Wednesday, March 14, 2018

Theological Hope Versus Secular Optimism

In another iteration of his overarching narrative that the world is going to hell in a handbasket, writer Anthony Esolen today had A World Without Hope published at Crisis Magazine, a supposedly Catholic site that attracts the angriest and gloomiest of Internet warriors. For someone who reveres "that guide of intelligence and beauty, Lady Faith" and quotes Charles PĆ©guy as saying that Hope is the "little sister" of the other theological virtues because she gives them "the heart to go forth", his piece is surprisingly pessimistic. We live, he writes, in "a cheerless world".
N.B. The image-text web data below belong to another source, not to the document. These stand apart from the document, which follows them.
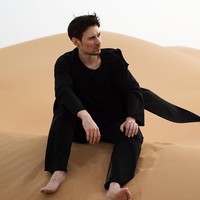 Di akun media sosial itu, Pavel sering berkeliling dunia, mulai dari Italia hingga Bali. Foto: Instagram @durov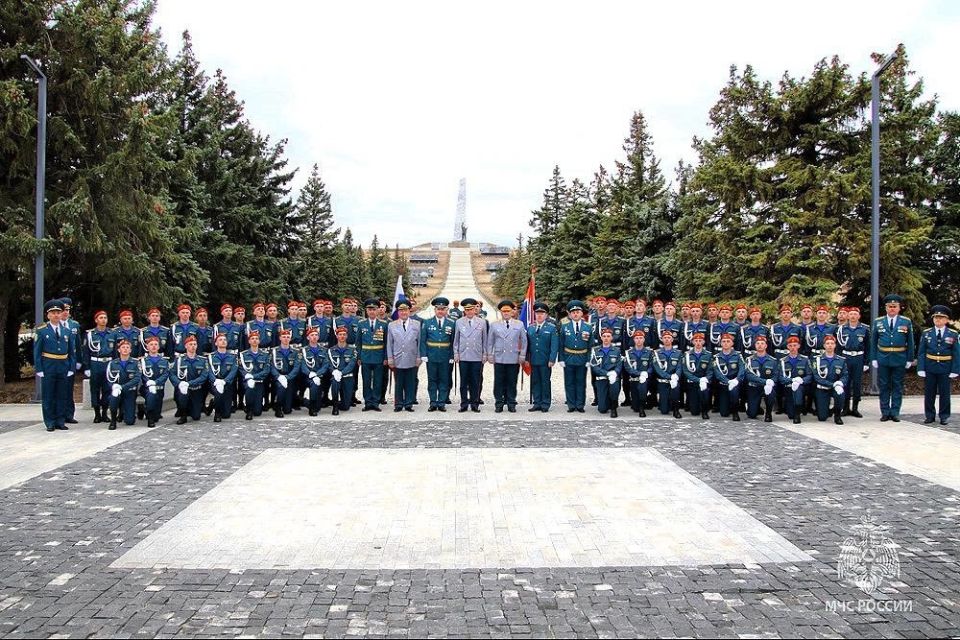 Службе — присягаем, долг — исполняем: курсанты-спасатели первого курса Донецкого института ГПС МЧС России дали клятву на верность Отечеству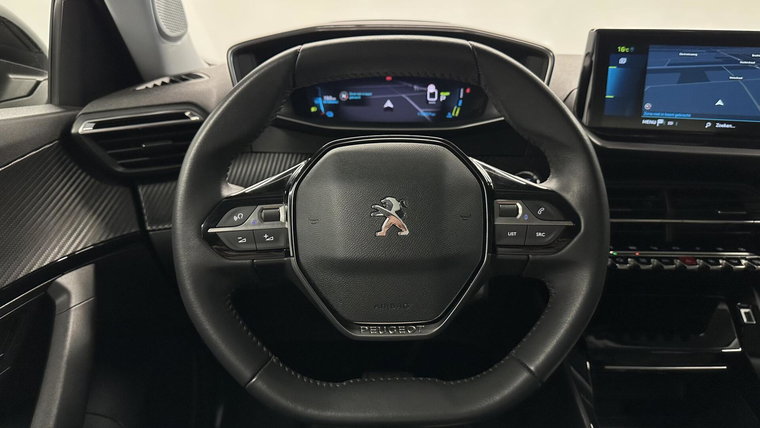 Vehicle Image 28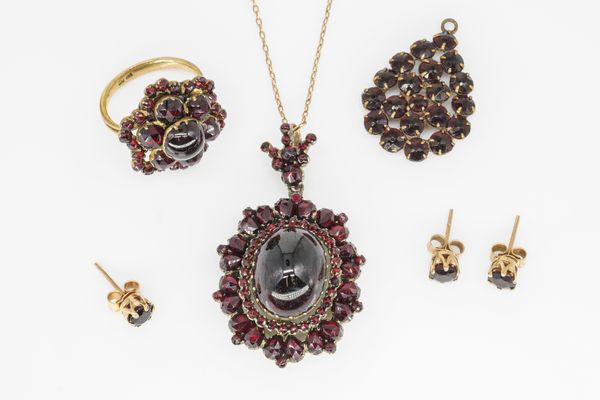 A GARNET PENDANT LOCKET WITH A NECKCHAIN AND FIVE FURTHER ITEMS (6)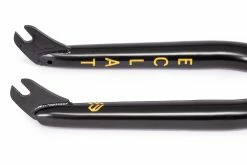 Fourche ECLAT Storm XLT 24 11 Fourche ECLAT Storm XLT 24 -équipement vélo Soldes Fourche ECLAT Storm XLT 24 5 scaled 1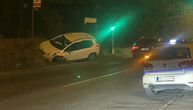 Težak udes u Rakovici: Automobil od siline udara izleteo i udario u autobusko stajalište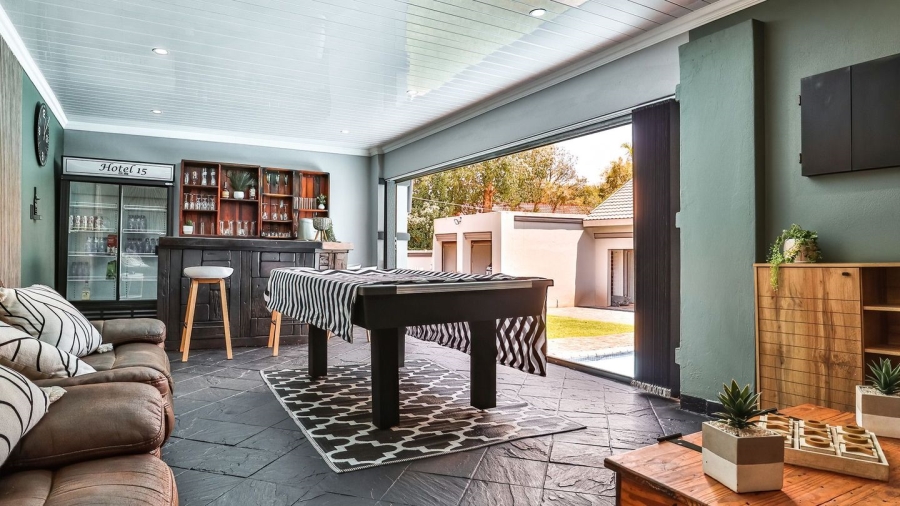 5 Bedroom Property for Sale in Annlin Gauteng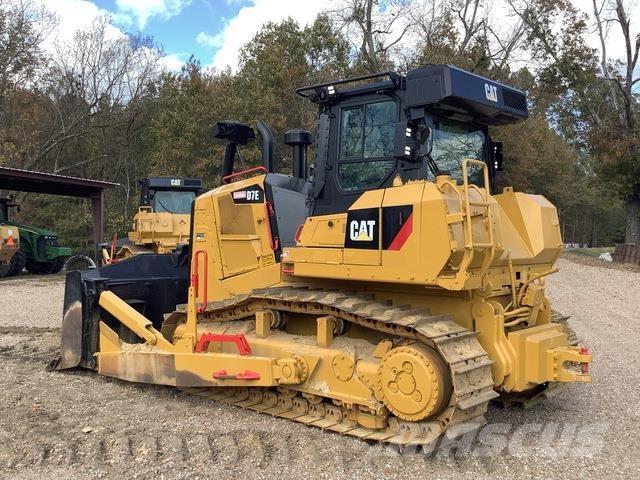 CAT D7E Rupsdozers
After demonizing public schools for relating morality to secular politics while simultaneously claiming it is parents that instil faith in their children, he goes off on a tangent about 1 Samuel. In this Old Testament narrative, a woman named Hannah, the favorite wife of Elkanah, grieves about her apparent inability to bear children and prays for a child. She eventually manages to produce Samuel, whom she hands over to the Temple to be raised and trained by a priest, Eli. Eli has two badass sons, Hophni and Phineas, who are described as "scoundrels" and "the sons of Belial". Hophni and Phineas, in contradiction of the Law of Moses, keep the meat of sacrificial animals for themselves and have sex with women who serve at the entrance to the Temple. Eli scolds his sons, who pay no attention.

Old Testament God then gets all butthurt because Eli is honoring his sons more than his God, so he sends a "man of God" to gleefully announce that God will break his former promise that members of Eli's family would "minister before me forever". Instead, God will now ensure that nobody from Eli's house will reach old age, that his sons will die on the same day, that all his descendents will die in the prime of life, and that those family members allowed to continue serving at God's altar will only be spared in order to have their strength sapped and their sight destroyed. OT God then apparently allows the Philistines to attack the Israelites. The Philistines kill 30,000 Israelites, abscond with the Ark of the Convenant, and kill Hophni and Phineas. On hearing this, Eli keels over, breaks his neck, and dies. It is mentioned that he is overweight, perhaps from eating all that meat that was supposed to be sacrificed (I keep telling people veganism is the way to go). And all these people had to die because Hophni and Phineas are "sons of Belial".

So apparently this story proves that hope is good but optimism is bad and that schoolteachers can't be religiously neutral but must choose between being the wise Samuel or the evil Hophni and Phineas. I don't get it either. The "reasoning" behind this conclusion is that Eli, like certain bishops (Pope Francis not specifically mentioned), was too lenient in his rebuke of his sons. If I had to order the immorality of the characters in the story, God would be first, and the Philistines, who killed thousands, would be second. The sins of Hophni and Phineas would be small potatoes by comparison. Poor old Eli seemed like a reasonable dude.

Esolen claims that modern schooling is "Belial, with bright banners and sparkle-dust". He claims children are raised today to embrace wealth, pleasure, and self-advancement. He claims efforts to raise children to "make the world a better place" are not based in true goodness but in "a perfectly grim hedonism, gussied up as Progress." This is a very uncharitable view that excludes the very real possiblity that many teachers act with the best of intentions.

If Esolen wanted a biblical story that would inspire a teacher, he could have chosen better than one so filled with murderous themes of sadism, control, and submission. How about the parable of the loaves and the fishes with its kindly sentiments of mutual support? Or the parable of the good Samaritan, with its ethic of reaching out to the marginalized? His resentment of "progress" and the benefits of modernism seems to be based in fury that the world, as I have pointed out in other posts, is becoming a kinder, gentler place, even as it is becoming more secular.

If Esolen wants to make the case for the value of religion, he needs a better story than 1 Samuel. If he wants to make the case for the value of hope as a theololgical virtue, he needs to stop moping and wringing his hands and passing judgment on everyone and start seeing the beauty and goodness in the world and its people (which he dismisses as "optimism ... mere atheism with a glad hand and a smile.")

Perhaps he believes we are all "made in the image and likeness of God" and that God is the monster of 1 Samuel who kills off people who aren't sufficiently servile. Well, that would make me depressed too.